## Information shown
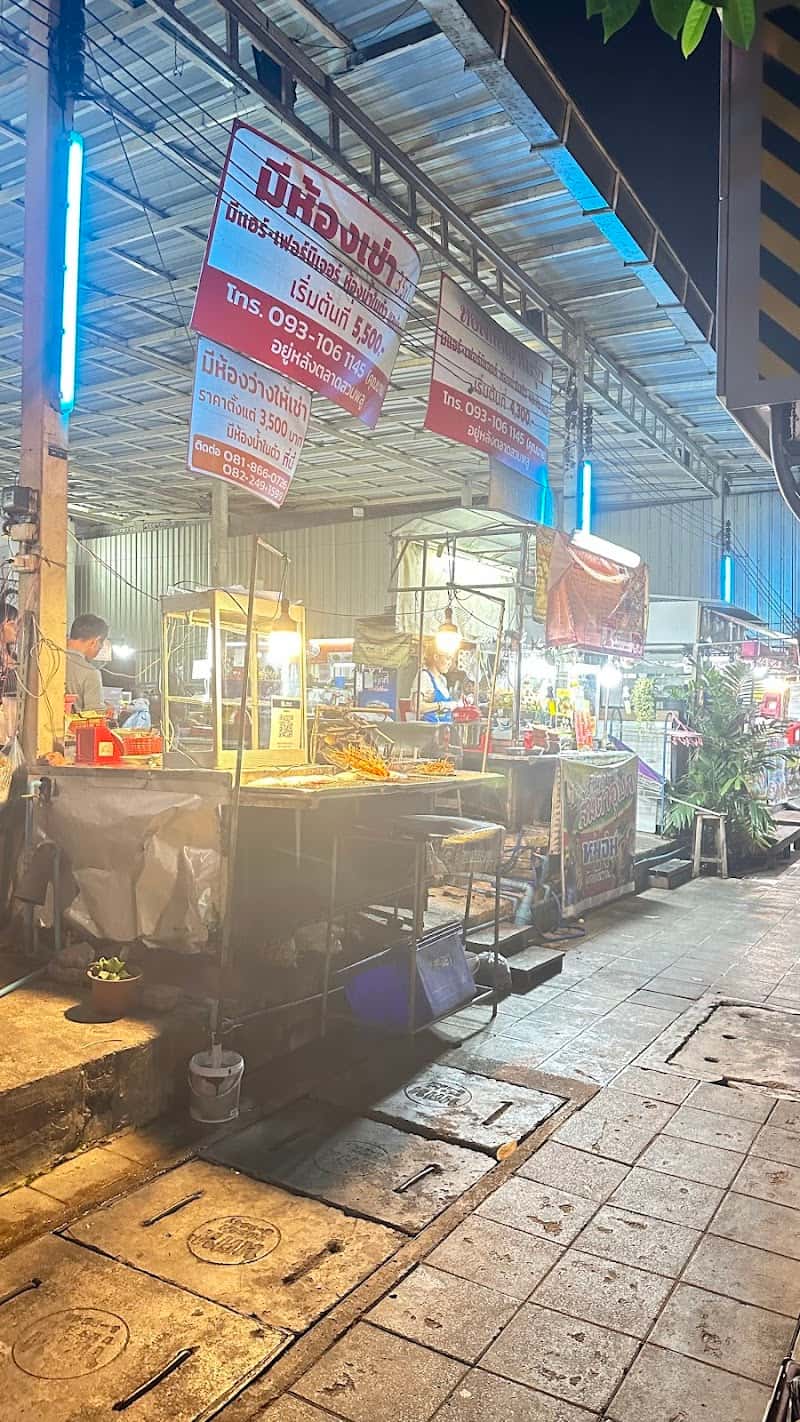 Food court 572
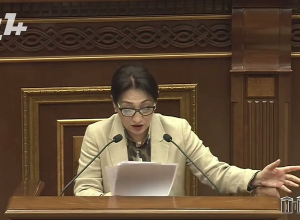 Вы тратите миллионы на фестивали, Снуп Догга, чтобы держать деформированное общество в оцепенении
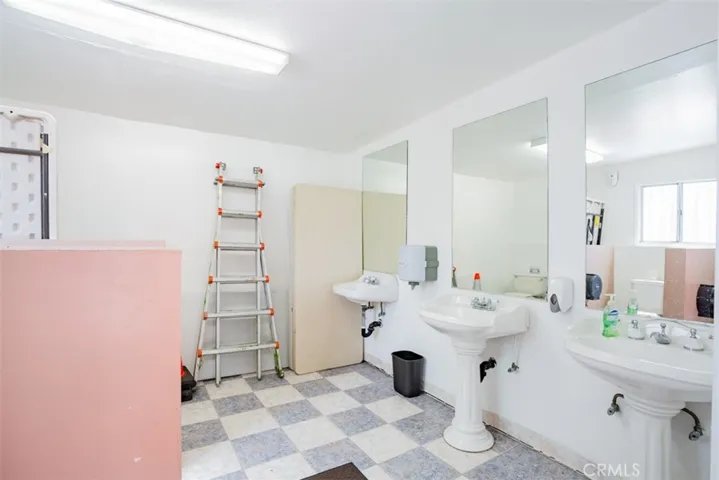 1673 E Imperial Highway, Los Angeles, California 90059
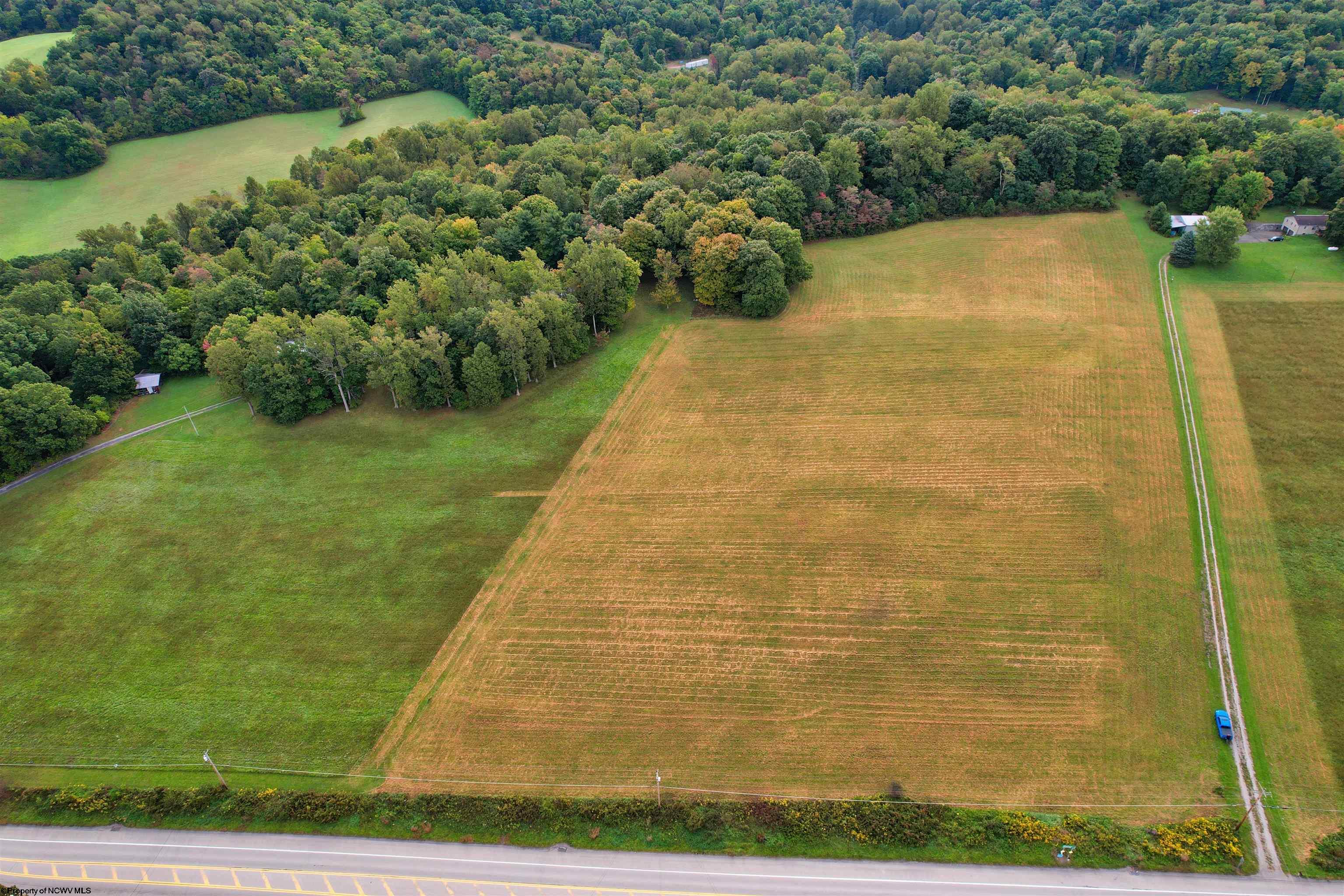 Smithfield, Pennsylvania 15478, United States, 3 Bedrooms Bedrooms, ,2 BathroomsBathrooms,Residential,Pending,61050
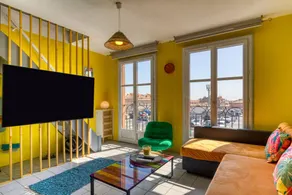 Apartment "Le Duplex Des Halles" with Balcony and Air Conditioning - Image 4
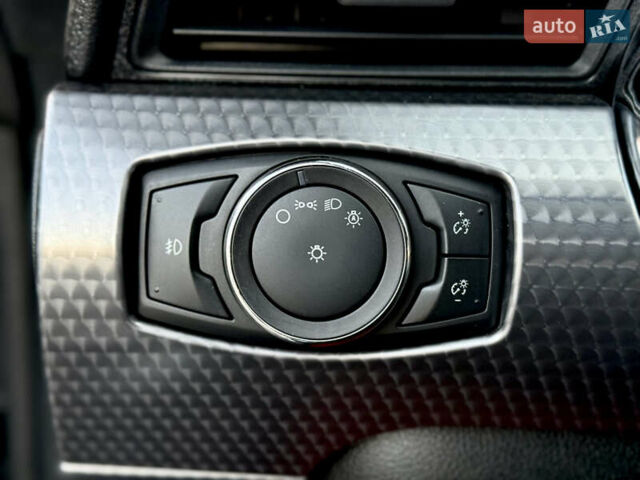 Черный Форд Мустанг, объемом двигателя 2.26 л и пробегом 198 тыс. км за 14300 $, фото 28 на Automoto.ua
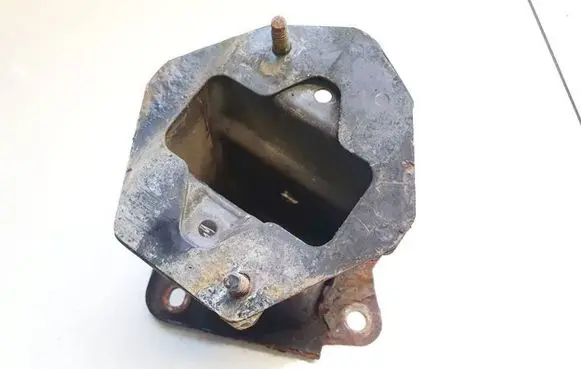 Nissan Note (E11) Front bumper mounting bracket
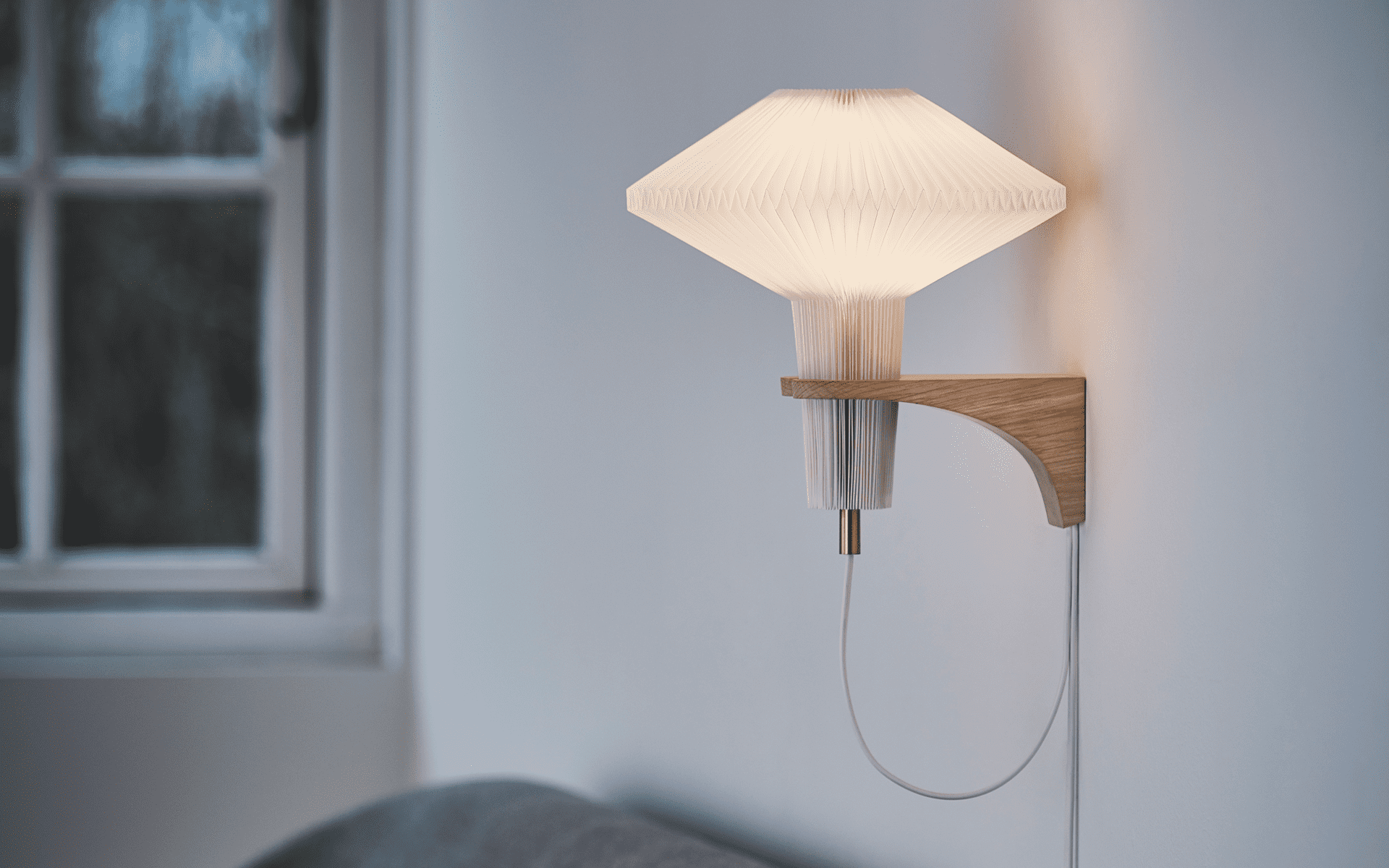 Nástenná lampa MODEL 204 HUBA biela s jasným dubovým podstavcom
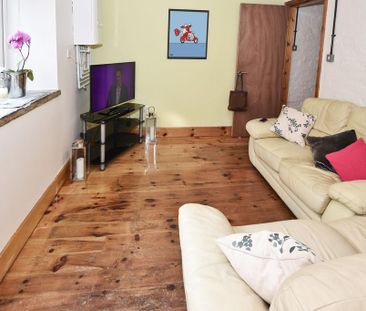 5 bedroom flat to rent - Photo 4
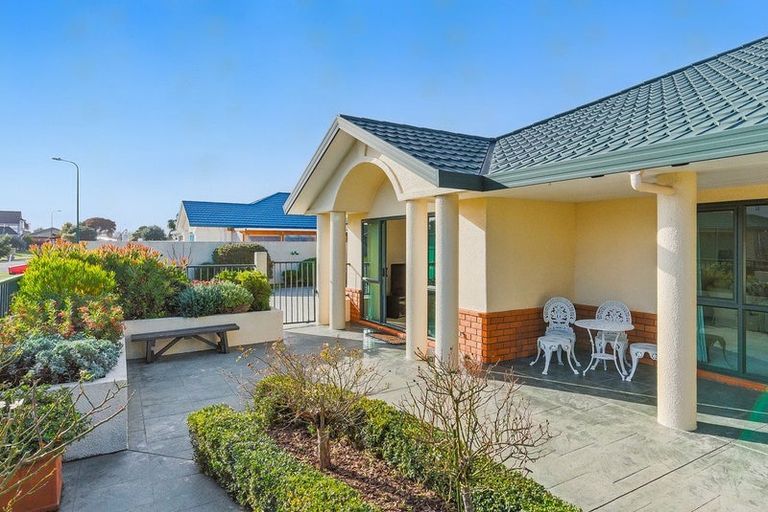 Photo of property in 40 College Drive, Paraparaumu, 5032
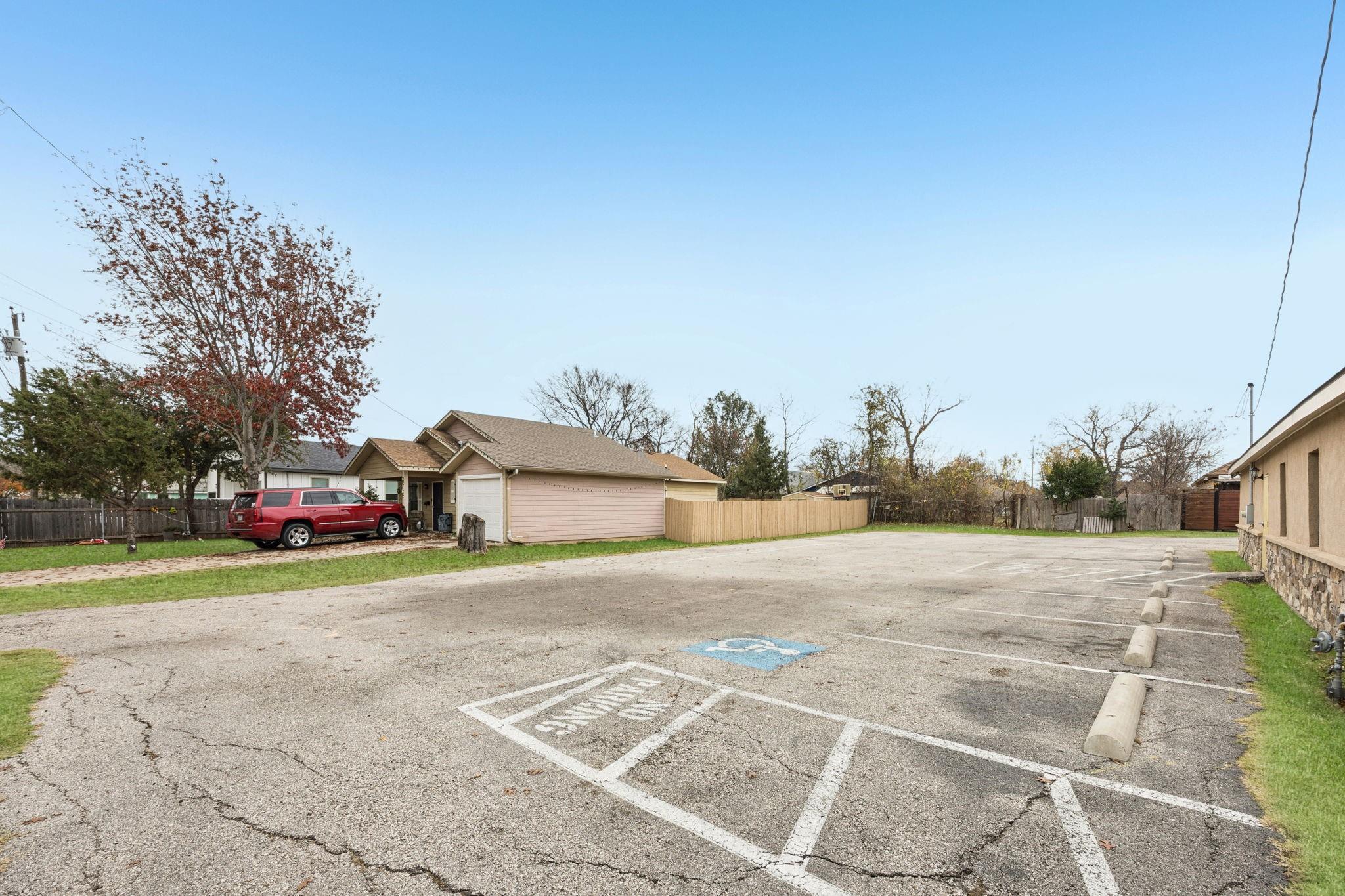 main property photo 3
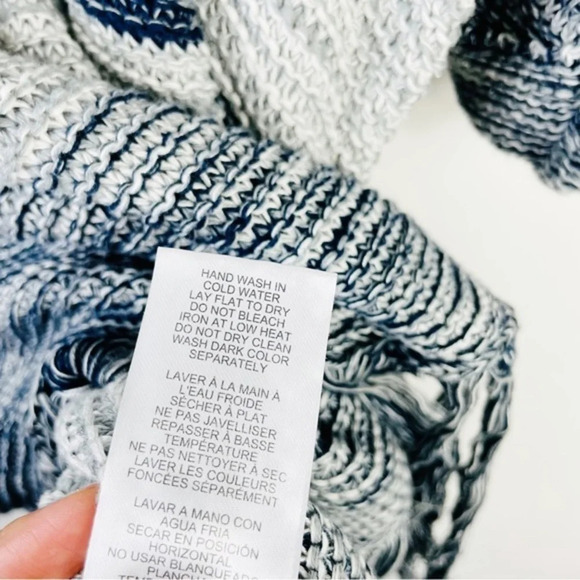 CALIFORNIA MOONRISE Gray Fringe Poncho Sweater Size Large - Picture 9 of 9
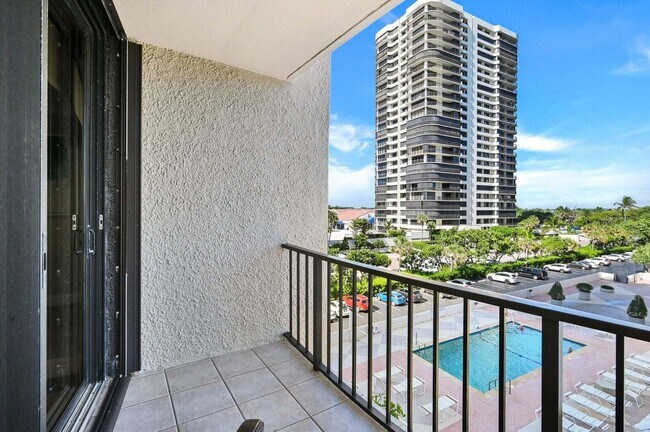 Building Photo - 4200 N Ocean Dr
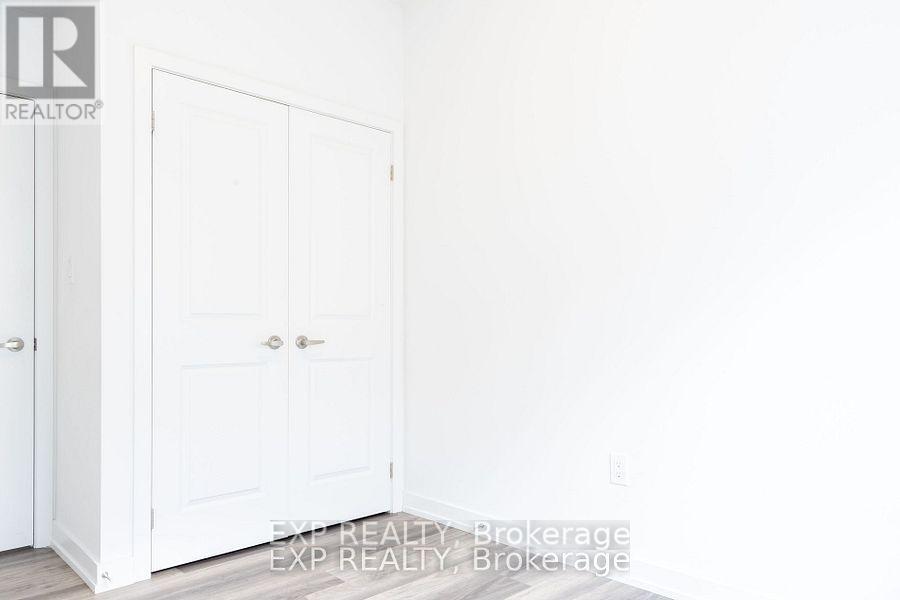 40 - 205 West Oak Trail, Kitchener, Ontario  N2R 1R4 - Photo 12 - X12156032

## Work order
Please transcribe the entries precisely and omit any images they hold.

## Result for this exercise
 Food court 572
 Вы тратите миллионы на фестивали, Снуп Догга, чтобы держать деформированное общество в оцепенении
 1673 E Imperial Highway, Los Angeles, California 90059
 Smithfield, Pennsylvania 15478, United States, 3 Bedrooms Bedrooms, ,2 BathroomsBathrooms,Residential,Pending,61050
 Apartment "Le Duplex Des Halles" with Balcony and Air Conditioning - Image 4
 Черный Форд Мустанг, объемом двигателя 2.26 л и пробегом 198 тыс. км за 14300 $, фото 28 на Automoto.ua
 Nissan Note (E11) Front bumper mounting bracket
 Nástenná lampa MODEL 204 HUBA biela s jasným dubovým podstavcom
 5 bedroom flat to rent - Photo 4
 Photo of property in 40 College Drive, Paraparaumu, 5032
 main property photo 3
 CALIFORNIA MOONRISE Gray Fringe Poncho Sweater Size Large - Picture 9 of 9
 Building Photo - 4200 N Ocean Dr
 40 - 205 West Oak Trail, Kitchener, Ontario  N2R 1R4 - Photo 12 - X12156032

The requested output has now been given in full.